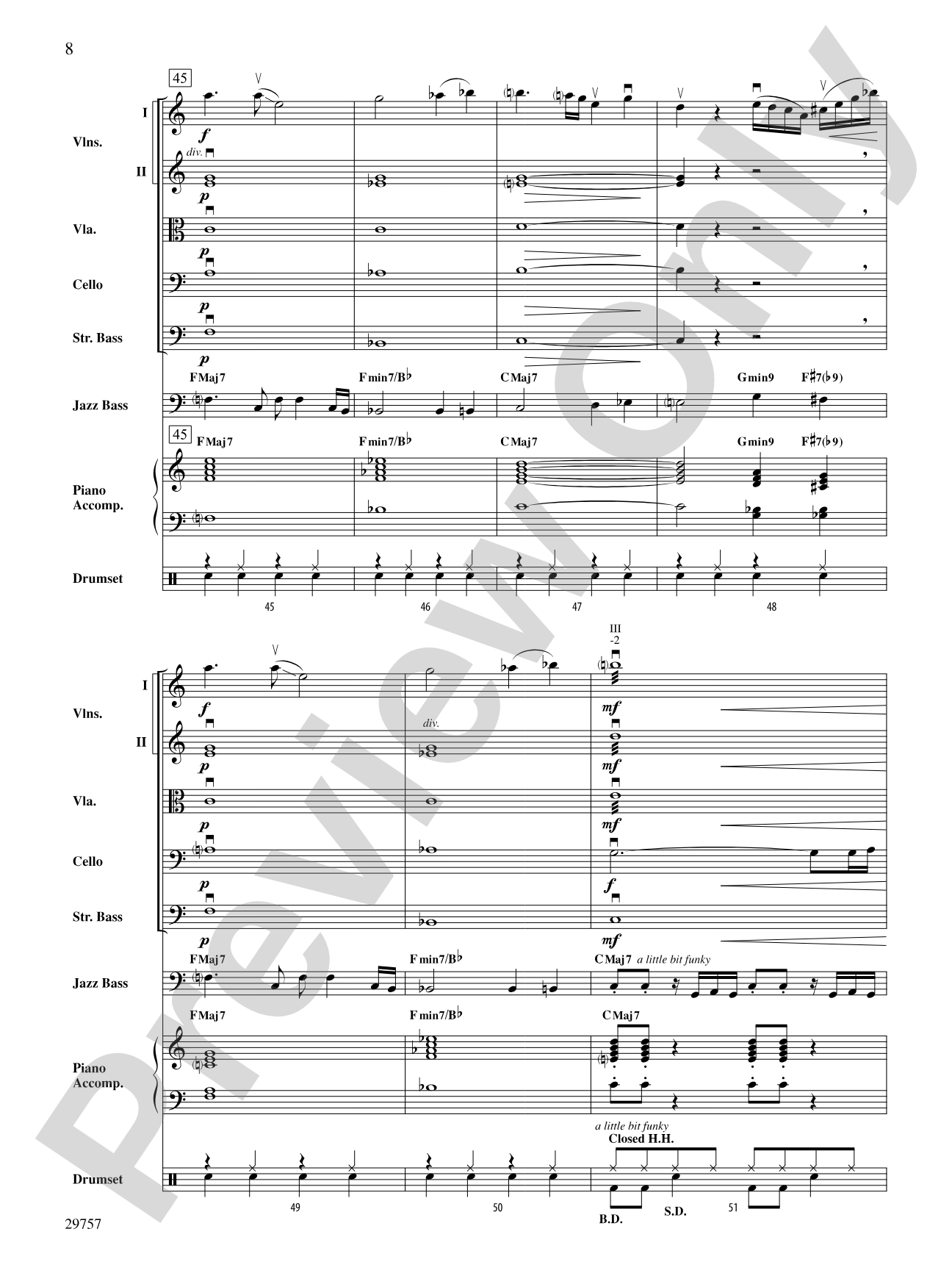 Sunday Song: String Orchestra Conductor Score & Parts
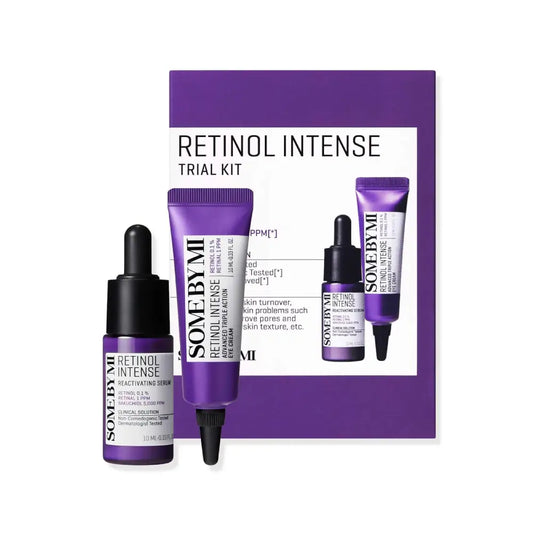 SOME BY MI Retinol Intense Trial Kit (Serum & Eye Cream) – 0.1% Retinol, 0.33oz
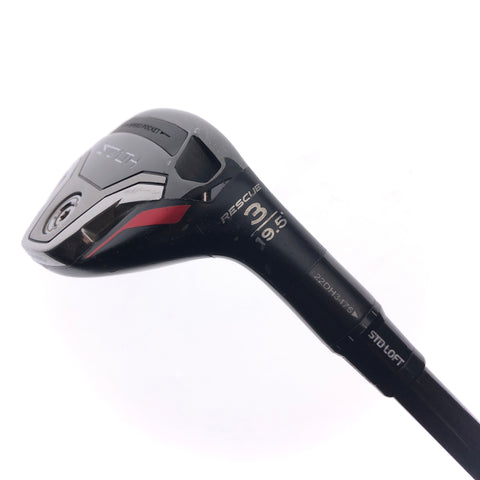 Used TaylorMade Stealth Plus Rescue 3 Hybrid / 19.5 Degrees / Stiff Flex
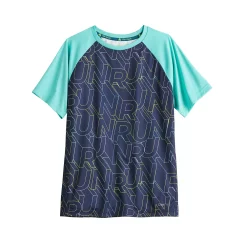 Boys 8-20 Tek Gear® Dry Tek Tee in Regular & Husky -Kohl's Shop 5236234 Navy Run Ombre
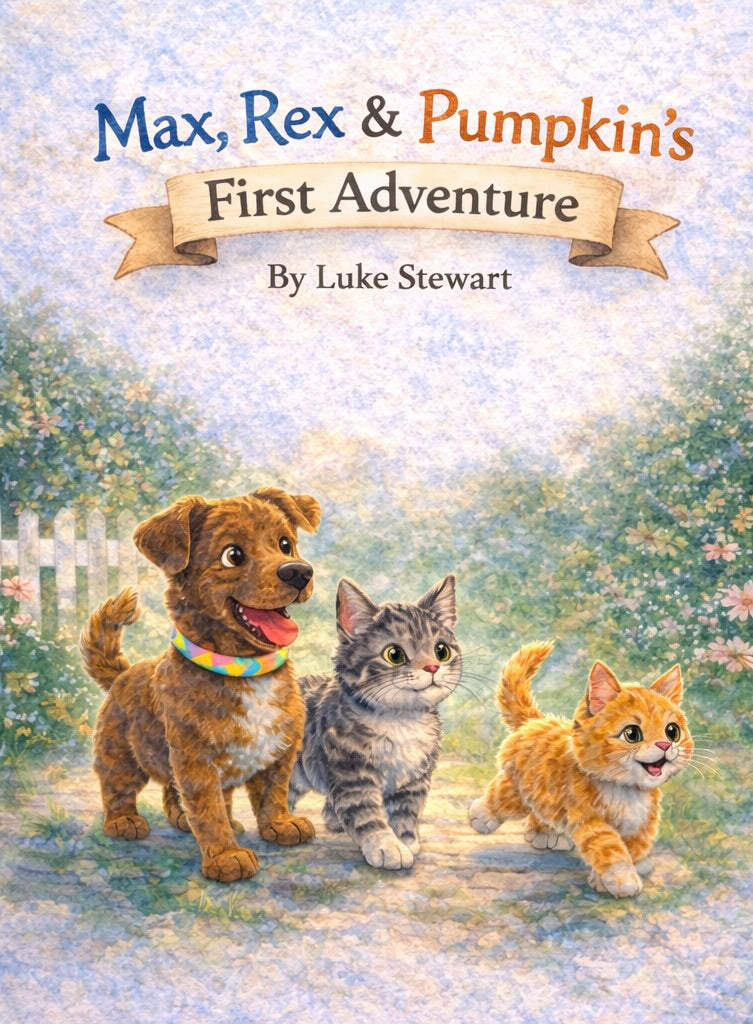 Max, Rex & Pumpkin’s First Adventure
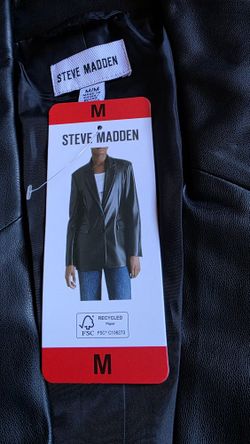 Steve Madden Womens Blazer Faux Leather Medium & Large New Price Firm Corona92879 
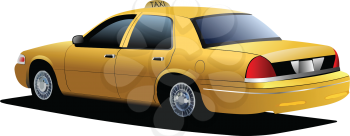 Royalty Free Clipart Image of a New York Taxi Cab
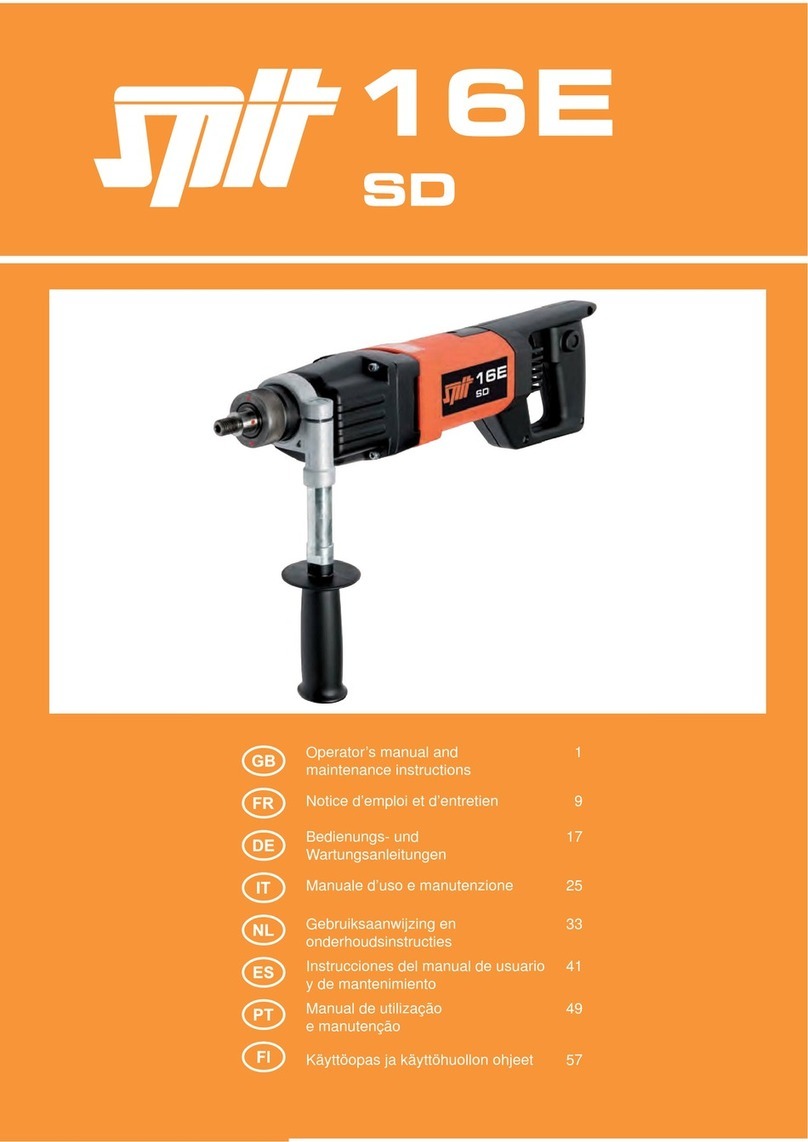 SPIT SD 16E Operator's manual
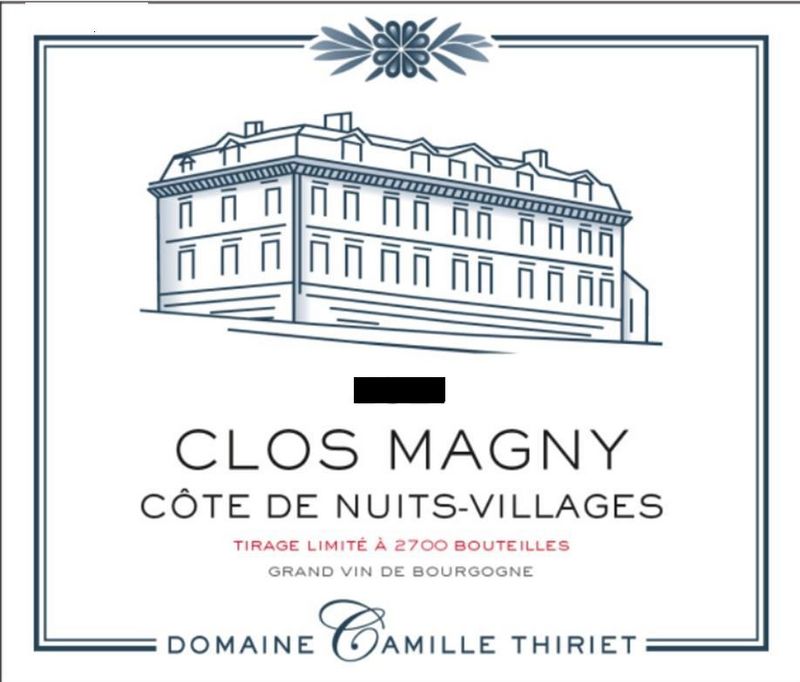 Domaine Camille Thiriet Cote de Nuits Village Clos Magny 2022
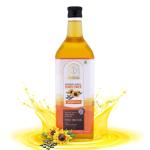 SHUCHI WOOD PRESSED SUNFLOWER OIL - 1LTR | ORGANIC COLD PRESSED SUNFLOWER OIL WITH NO PRESERVATIVES | VIRGIN & NATURAL HEALTHY COOKING OIL EXTRACTED USING LAKDI GHANI/ KACCHI GHANI /CHEKKU METHOD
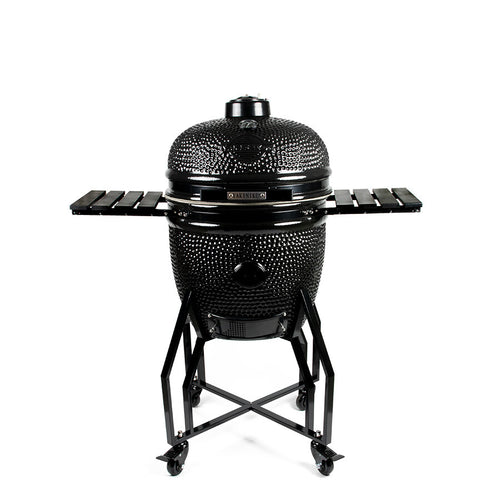 YAKINIKU Kamado Large Basic "Black edition" Ø49 cm + supporto e tavolini laterali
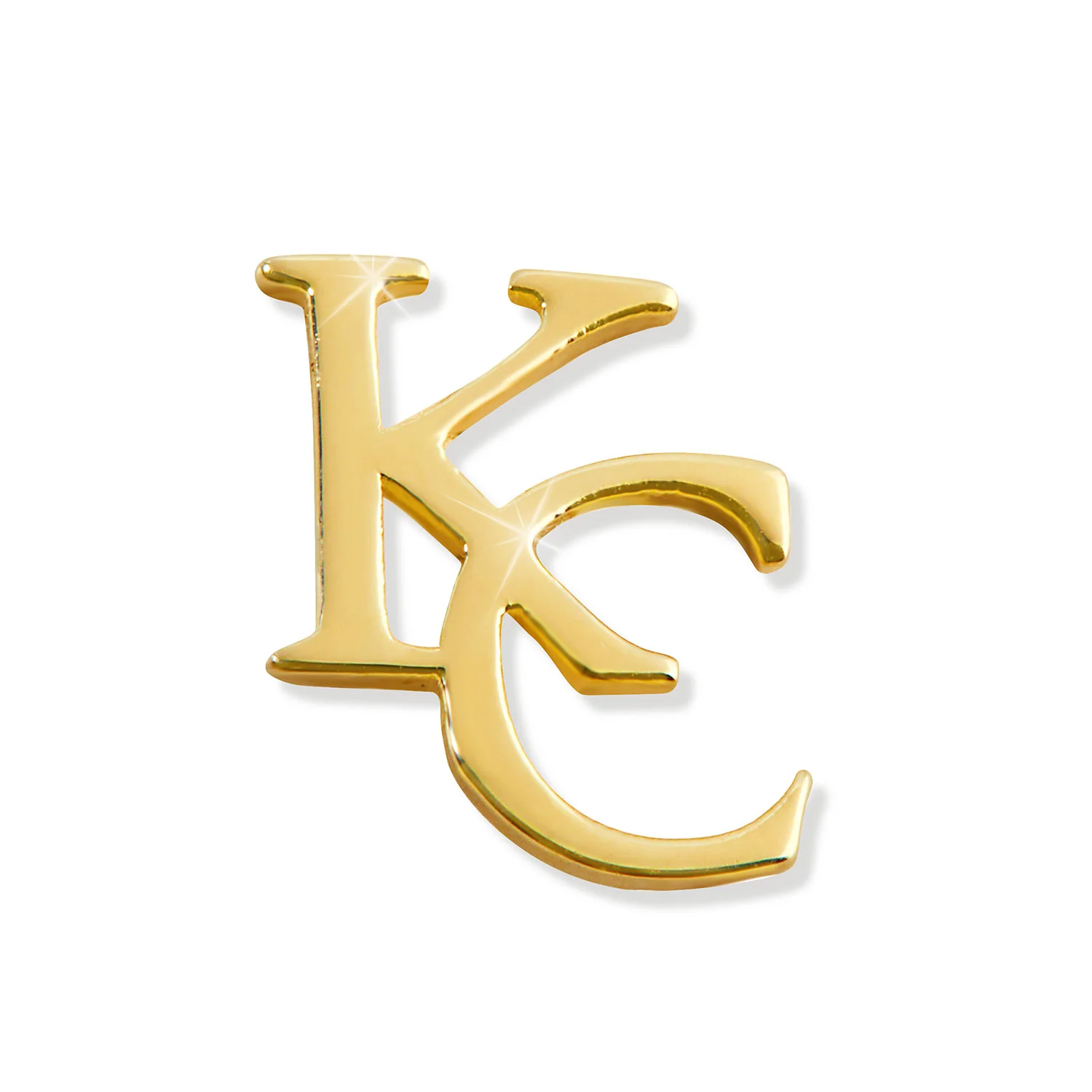 Sterling Silver Stacked Initials Earring - Image 3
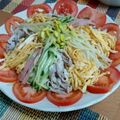 せいん's cooksnap of when they made 冷やし中華 (梅ごま).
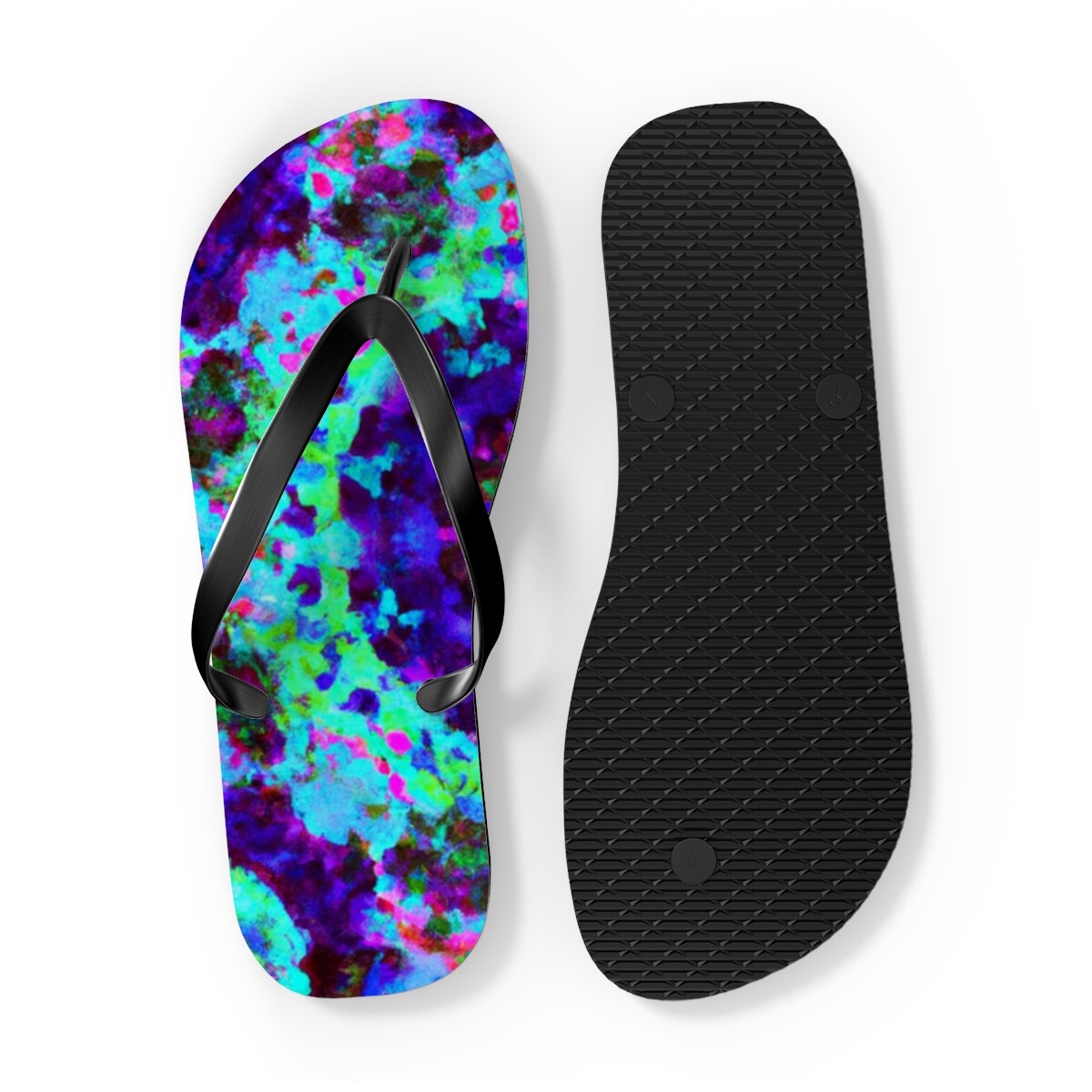 Hattie Leighton- Psychedelic Trippy Flip Flop Beach Sandals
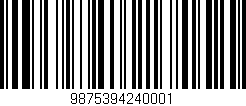Código de barras (EAN, GTIN, SKU, ISBN): '9875394240001'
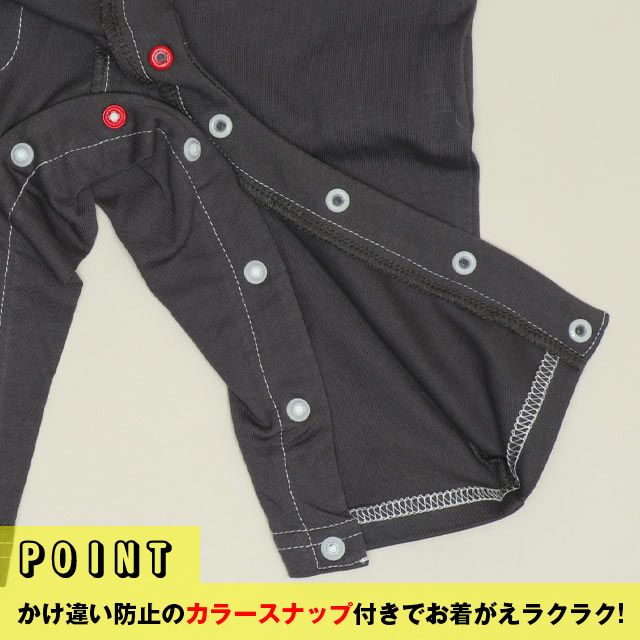 【ベビードール】ミッキー ワッペン付ボーダー柄ロンパース 1259B / ベビーサイズ 赤ちゃん 出産祝い 贈り物 プレゼント ベビー服 つなぎ ドッキングロンパース 楽ちん 天竺素材 リンクコーデ ペアルック 親子コーデ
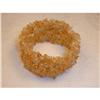 Image 1 : Citrine Wide Slip-On Beaded Bangle Bracelet #931508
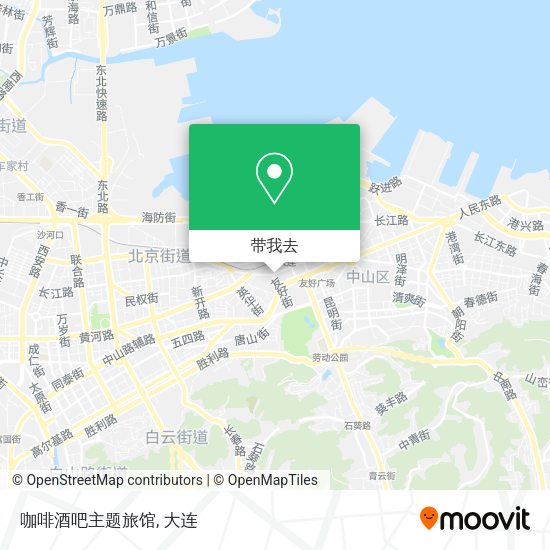咖啡酒吧主题旅馆地图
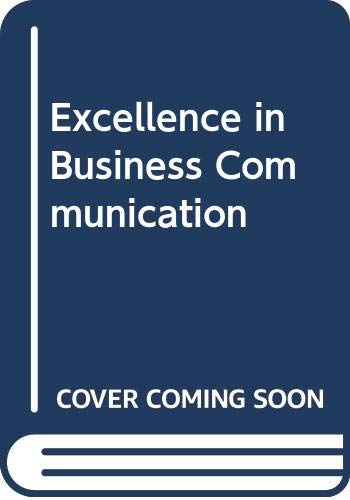 Book Excellence In Business Communication free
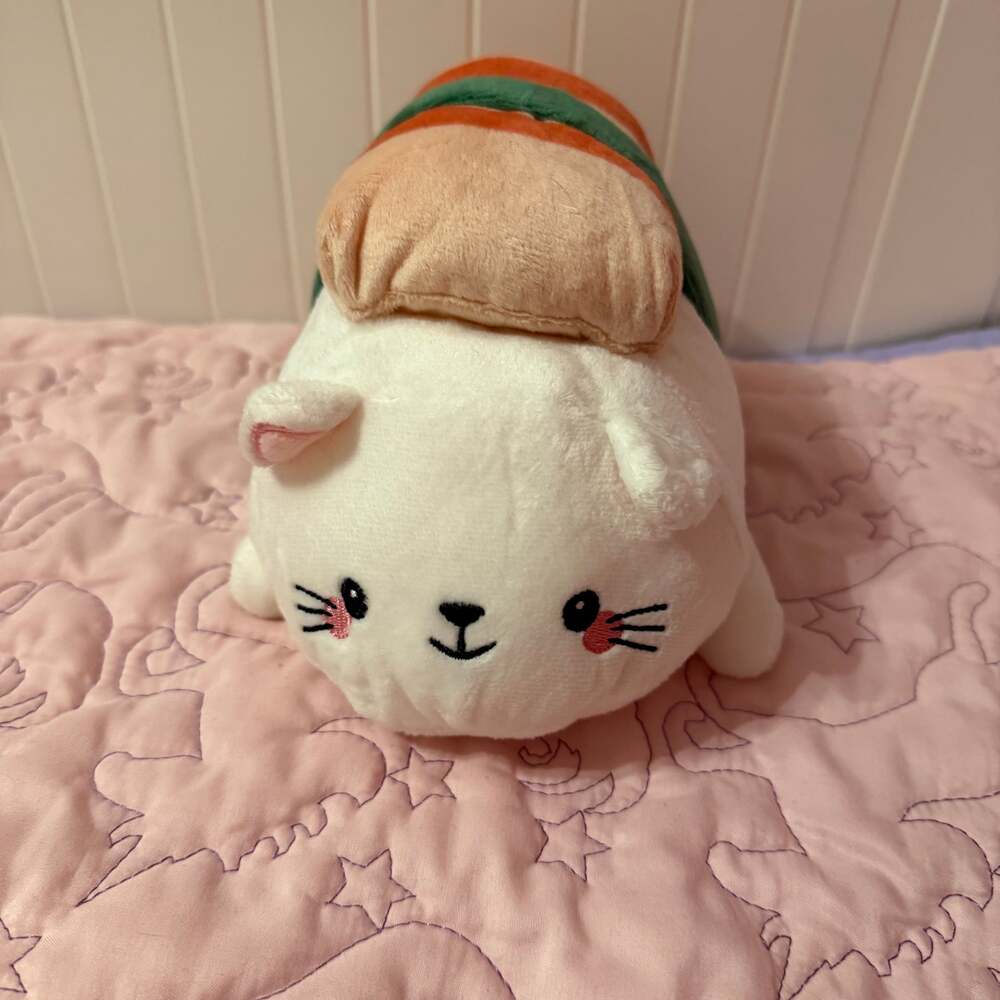 Kawaii sushi kitten plush NWOT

++++++

▶ [PROBLEM REQUIREMENTS]:
Please extract exactly the lines of the data, from the first through the line containing "Royalty Free Clipart", and add no pictures to the copy.

▶ [YOUR SOLUTION]:
 Sunday Song: String Orchestra Conductor Score & Parts
 SOME BY MI Retinol Intense Trial Kit (Serum & Eye Cream) – 0.1% Retinol, 0.33oz
 Used TaylorMade Stealth Plus Rescue 3 Hybrid / 19.5 Degrees / Stiff Flex
 Boys 8-20 Tek Gear® Dry Tek Tee in Regular & Husky -Kohl's Shop 5236234 Navy Run Ombre
 Max, Rex & Pumpkin’s First Adventure
 Steve Madden Womens Blazer Faux Leather Medium & Large New Price Firm Corona92879 
 Royalty Free Clipart Image of a New York Taxi Cab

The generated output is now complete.